■ Task description: Search the listing for the word "Casual" and copy every line where it turns up.

■ Record extracts:
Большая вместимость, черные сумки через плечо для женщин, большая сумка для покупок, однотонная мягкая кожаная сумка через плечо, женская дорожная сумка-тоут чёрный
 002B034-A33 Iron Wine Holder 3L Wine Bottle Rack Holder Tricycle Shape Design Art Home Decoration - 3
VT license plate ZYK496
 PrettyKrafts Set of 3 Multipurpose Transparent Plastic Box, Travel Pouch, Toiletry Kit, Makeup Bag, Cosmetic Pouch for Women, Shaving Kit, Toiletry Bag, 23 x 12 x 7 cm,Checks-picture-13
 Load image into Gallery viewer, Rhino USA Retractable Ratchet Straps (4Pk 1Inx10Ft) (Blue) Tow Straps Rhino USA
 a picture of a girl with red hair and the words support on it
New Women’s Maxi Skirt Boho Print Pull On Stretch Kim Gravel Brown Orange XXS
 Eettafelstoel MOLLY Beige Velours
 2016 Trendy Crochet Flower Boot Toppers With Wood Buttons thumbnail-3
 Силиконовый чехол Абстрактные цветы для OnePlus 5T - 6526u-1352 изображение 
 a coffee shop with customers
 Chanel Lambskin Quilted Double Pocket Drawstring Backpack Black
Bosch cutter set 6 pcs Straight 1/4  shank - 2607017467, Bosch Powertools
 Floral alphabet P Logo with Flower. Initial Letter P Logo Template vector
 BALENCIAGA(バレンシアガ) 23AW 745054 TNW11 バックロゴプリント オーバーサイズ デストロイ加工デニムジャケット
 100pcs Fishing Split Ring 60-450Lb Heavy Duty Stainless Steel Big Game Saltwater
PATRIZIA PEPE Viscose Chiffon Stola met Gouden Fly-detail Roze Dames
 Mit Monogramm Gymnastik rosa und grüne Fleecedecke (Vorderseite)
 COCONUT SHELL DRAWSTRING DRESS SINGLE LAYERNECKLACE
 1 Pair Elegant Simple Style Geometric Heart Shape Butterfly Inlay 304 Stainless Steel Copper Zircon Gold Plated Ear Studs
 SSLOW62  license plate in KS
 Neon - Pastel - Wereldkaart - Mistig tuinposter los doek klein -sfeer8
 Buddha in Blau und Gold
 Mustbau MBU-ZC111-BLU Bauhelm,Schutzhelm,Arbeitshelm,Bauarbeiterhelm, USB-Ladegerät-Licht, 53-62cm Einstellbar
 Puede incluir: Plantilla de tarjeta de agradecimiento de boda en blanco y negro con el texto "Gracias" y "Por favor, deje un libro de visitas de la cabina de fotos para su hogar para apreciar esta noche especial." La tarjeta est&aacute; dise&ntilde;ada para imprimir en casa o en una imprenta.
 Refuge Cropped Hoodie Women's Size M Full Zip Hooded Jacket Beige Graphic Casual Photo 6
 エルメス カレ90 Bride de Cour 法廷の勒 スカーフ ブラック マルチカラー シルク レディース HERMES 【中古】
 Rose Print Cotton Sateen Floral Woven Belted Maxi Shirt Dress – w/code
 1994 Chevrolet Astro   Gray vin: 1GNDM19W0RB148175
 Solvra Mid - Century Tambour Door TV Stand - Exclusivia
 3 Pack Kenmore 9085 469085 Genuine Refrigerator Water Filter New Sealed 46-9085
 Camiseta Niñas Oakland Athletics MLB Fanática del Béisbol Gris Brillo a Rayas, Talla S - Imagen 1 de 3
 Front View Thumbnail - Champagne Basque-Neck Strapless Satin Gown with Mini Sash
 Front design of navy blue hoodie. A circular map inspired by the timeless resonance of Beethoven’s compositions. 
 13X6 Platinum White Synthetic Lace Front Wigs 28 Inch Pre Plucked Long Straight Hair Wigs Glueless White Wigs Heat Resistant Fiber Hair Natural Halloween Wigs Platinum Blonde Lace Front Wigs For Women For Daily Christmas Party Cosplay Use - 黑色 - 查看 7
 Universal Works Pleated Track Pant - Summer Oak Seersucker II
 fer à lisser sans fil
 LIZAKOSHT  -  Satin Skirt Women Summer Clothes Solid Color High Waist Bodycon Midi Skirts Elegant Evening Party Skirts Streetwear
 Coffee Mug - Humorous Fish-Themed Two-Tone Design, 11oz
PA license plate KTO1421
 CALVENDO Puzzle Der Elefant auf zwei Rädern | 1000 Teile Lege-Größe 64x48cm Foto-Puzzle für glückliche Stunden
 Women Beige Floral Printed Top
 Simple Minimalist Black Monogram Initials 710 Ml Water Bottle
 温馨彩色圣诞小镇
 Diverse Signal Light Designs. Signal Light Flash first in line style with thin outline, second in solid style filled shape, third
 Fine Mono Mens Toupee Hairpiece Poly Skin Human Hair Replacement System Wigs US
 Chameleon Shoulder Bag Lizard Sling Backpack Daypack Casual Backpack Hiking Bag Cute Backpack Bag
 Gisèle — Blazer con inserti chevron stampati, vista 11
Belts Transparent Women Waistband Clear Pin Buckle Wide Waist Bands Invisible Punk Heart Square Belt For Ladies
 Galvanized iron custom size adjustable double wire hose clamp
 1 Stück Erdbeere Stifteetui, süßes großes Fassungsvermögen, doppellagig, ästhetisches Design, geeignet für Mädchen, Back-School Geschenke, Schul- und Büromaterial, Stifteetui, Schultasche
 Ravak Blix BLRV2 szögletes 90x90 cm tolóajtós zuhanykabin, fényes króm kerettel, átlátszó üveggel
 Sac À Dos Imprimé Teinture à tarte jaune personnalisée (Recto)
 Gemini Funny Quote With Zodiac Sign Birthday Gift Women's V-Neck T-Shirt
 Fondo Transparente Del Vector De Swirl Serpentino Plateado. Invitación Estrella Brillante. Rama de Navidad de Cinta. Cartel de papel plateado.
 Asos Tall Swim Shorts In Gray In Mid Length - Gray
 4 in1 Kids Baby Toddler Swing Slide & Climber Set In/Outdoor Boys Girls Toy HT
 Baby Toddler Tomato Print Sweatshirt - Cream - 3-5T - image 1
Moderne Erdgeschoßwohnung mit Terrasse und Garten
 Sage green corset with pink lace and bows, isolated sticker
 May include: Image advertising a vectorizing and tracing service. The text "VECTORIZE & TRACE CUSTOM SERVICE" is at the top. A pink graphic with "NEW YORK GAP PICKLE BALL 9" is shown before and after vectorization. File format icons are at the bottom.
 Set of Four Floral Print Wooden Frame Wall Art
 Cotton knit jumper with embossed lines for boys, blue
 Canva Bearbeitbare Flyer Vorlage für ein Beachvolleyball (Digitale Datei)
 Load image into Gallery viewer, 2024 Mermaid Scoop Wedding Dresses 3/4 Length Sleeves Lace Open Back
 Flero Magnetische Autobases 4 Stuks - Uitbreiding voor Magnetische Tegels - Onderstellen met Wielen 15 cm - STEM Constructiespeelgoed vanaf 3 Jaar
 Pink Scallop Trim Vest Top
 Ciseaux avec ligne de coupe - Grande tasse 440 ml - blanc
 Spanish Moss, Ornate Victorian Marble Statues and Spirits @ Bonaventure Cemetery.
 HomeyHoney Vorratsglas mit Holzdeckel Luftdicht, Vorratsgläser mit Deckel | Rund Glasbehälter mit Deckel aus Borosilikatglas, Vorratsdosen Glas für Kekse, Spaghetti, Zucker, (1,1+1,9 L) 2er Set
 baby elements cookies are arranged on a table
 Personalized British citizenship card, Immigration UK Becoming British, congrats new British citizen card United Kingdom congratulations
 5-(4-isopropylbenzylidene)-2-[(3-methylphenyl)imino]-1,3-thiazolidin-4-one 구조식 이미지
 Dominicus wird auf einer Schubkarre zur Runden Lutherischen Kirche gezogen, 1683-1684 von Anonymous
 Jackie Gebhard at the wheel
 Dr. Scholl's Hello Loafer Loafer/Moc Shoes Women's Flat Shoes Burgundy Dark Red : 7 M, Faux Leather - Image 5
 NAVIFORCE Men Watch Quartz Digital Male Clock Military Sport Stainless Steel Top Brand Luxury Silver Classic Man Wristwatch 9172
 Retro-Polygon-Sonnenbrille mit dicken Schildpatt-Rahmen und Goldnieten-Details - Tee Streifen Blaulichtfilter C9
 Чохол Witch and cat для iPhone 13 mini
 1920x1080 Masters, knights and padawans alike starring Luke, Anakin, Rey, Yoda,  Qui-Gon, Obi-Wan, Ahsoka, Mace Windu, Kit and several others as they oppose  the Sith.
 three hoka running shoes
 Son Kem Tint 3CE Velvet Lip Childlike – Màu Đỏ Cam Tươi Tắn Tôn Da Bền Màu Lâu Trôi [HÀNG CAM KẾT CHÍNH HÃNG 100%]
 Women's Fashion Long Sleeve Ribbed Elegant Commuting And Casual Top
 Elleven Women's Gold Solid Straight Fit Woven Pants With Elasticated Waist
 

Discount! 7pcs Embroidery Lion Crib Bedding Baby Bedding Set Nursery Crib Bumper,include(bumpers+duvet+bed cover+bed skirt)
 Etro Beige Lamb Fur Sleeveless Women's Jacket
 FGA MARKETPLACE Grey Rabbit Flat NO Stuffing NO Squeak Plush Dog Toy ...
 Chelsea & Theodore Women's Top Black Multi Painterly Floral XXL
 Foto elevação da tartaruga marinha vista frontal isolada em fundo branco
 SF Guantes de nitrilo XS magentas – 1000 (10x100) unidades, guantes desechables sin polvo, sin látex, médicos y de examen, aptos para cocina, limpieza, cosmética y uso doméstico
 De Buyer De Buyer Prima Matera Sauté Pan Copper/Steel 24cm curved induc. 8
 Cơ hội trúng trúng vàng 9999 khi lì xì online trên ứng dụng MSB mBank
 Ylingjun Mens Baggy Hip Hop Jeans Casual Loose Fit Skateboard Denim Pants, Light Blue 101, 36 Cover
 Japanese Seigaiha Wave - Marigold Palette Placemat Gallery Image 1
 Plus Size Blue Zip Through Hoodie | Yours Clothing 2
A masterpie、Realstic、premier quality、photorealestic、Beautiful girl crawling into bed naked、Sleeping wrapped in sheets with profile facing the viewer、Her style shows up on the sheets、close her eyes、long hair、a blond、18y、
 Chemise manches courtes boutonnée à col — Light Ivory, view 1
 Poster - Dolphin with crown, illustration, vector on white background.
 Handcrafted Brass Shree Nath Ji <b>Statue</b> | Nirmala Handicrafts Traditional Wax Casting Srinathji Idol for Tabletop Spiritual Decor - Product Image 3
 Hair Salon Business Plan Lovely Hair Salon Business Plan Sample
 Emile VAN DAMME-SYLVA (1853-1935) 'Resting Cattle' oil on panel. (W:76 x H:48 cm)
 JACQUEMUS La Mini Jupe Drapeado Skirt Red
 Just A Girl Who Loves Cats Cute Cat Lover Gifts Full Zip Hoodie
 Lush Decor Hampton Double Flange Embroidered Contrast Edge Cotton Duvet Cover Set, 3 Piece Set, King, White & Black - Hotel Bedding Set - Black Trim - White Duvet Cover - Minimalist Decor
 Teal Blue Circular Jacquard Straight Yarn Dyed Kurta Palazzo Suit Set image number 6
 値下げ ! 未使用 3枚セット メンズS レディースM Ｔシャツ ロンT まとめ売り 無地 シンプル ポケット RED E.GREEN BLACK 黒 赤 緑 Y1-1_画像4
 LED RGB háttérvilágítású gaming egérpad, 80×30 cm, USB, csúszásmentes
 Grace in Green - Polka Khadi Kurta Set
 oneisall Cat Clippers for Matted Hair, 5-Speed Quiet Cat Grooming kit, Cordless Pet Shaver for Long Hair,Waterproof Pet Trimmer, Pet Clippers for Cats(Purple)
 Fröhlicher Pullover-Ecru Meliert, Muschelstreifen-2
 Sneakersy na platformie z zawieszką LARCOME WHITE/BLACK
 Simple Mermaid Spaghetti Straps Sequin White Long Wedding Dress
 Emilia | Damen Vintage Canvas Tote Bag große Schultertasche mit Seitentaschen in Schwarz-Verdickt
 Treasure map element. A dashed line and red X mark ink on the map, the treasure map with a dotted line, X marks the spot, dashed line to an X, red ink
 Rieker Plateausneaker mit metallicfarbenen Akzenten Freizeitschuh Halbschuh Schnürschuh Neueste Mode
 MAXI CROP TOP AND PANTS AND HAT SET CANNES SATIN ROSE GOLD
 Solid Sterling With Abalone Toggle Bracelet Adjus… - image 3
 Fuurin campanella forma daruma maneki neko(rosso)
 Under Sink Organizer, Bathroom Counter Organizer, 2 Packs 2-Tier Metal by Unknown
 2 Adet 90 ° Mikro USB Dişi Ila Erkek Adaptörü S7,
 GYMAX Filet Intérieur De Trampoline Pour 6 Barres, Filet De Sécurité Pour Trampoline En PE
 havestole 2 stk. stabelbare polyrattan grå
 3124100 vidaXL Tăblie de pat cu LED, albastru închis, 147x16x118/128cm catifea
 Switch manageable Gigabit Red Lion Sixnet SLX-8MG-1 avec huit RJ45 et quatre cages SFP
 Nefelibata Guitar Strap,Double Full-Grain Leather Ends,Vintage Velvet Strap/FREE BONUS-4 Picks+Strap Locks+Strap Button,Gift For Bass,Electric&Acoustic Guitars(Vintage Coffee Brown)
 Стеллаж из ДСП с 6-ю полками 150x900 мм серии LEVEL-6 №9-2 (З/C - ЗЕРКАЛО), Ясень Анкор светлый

■ Your solution:
 Refuge Cropped Hoodie Women's Size M Full Zip Hooded Jacket Beige Graphic Casual Photo 6
 Chameleon Shoulder Bag Lizard Sling Backpack Daypack Casual Backpack Hiking Bag Cute Backpack Bag
 Women's Fashion Long Sleeve Ribbed Elegant Commuting And Casual Top
 Ylingjun Mens Baggy Hip Hop Jeans Casual Loose Fit Skateboard Denim Pants, Light Blue 101, 36 Cover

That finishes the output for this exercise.